A este nível, "As Vidas dos Outros" começa por situar-se numa reacção a uma espécie de nostalgia representativa que encontrava na excelente tragicomédia "Adeus Lenine" (Wolfgang Becker, 2003) o seu ponto culminante de fricção: ao contrário deste último, "A Vida dos Outros" não embeleza o folclore risível da diferença; antes, enfatiza um clima de suspeição permanente, um labirinto de denúncias em cadeia, um sistema de chantagem emocional que faz de uma nação um bando de colaboracionistas do regime, perpetuando o medo. Por isso, o filme se socorre da estrutura do "thriller" político para aceder à essência de um mundo ao contrário, em que as escutas telefónicas e as restrições da privacidade parecem constituir a regra, justificando a burocracia de estado pela sua sobrevivência, como se perseguir o direito à diferença constituísse um teatro específico da anulação da individualidade.

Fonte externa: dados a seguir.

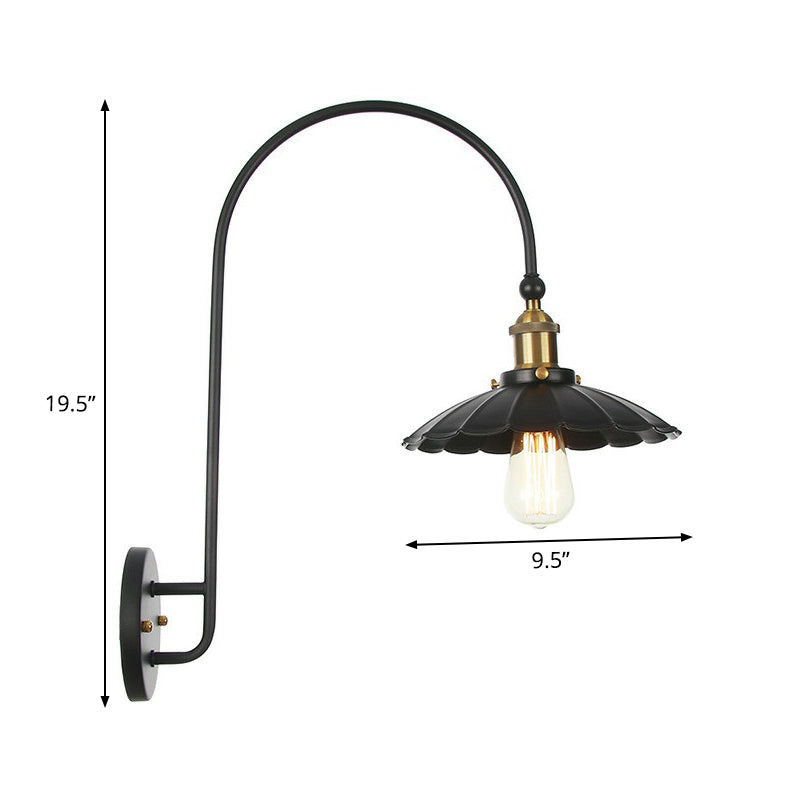 Avtoit | Iron Barn/Bowl/Wave Cut Wall Light Kit Vintage 1 Bulb Nightstand Reading Wall Lamp with Curved Arm in Black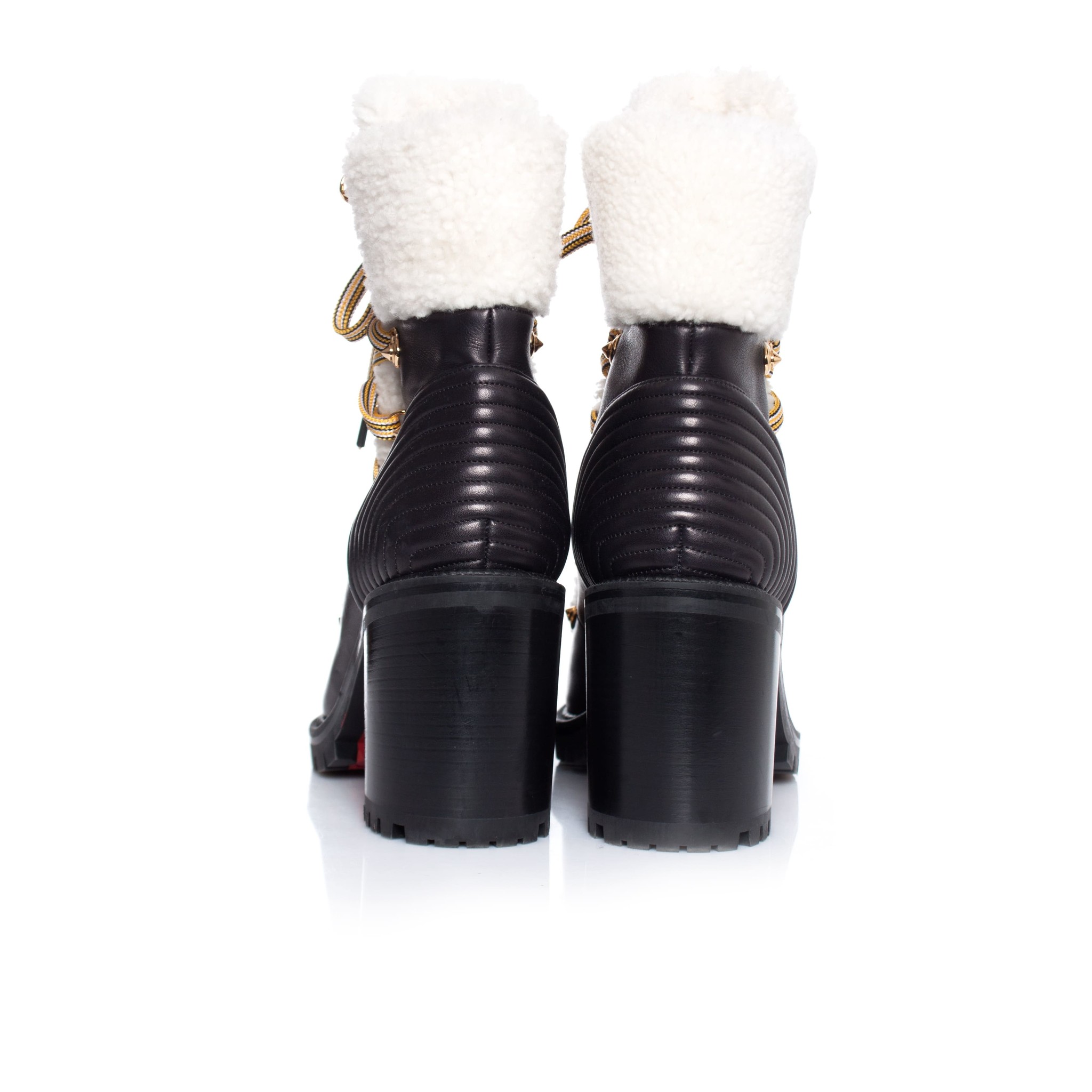 Christian Louboutin, Yetita shearling-trimmed leather ankle boots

Fundamental se torna, assim, o facto de a acção decorrer no mundo exposto do teatro, com uma marcação cerrada dos actores que extravasa do espaço restrito do palco para um outro palco: o tratamento do espaço fechado do apartamento pauta-se por esta noção claustrofóbica de um universo em curto-circuito, em que a polícia política encena o drama em gente e se encena. "As Vidas dos Outros" actua sobre o "real" e constrói um anti-comunismo "justificado" na medida em que fala do que conhece: a repressão não é uma repressão em abstracto, mas um dado real. O agente da Stasi, Gerd Wiesler (prodigiosa interpretação em minimal "underacting" de Ulrich Mühe), embora dempenhado no mecanismo da repressão, acaba por revoltar-se e sabotar o sistema. O que faz deste filme um objecto tão interessante passa, pois, pela rejeição de um demagógico discurso que se cifrasse em esquemático confronto entre Bem e Mal, substituindo-lhe gradações da compreensão do momento histórico em que se torna essencial alterar o dilema moral: dentro do sistema repressivo aparecem germens de discórdia que o fazem implodir, sabotando a facilidade de uma leitura maniqueísta. Não há qualquer fascínio pelo passado, apenas uma crua memória de uma encenação do medo, como se isso bastasse para tornar dialéctica uma relação entre actores e personagens.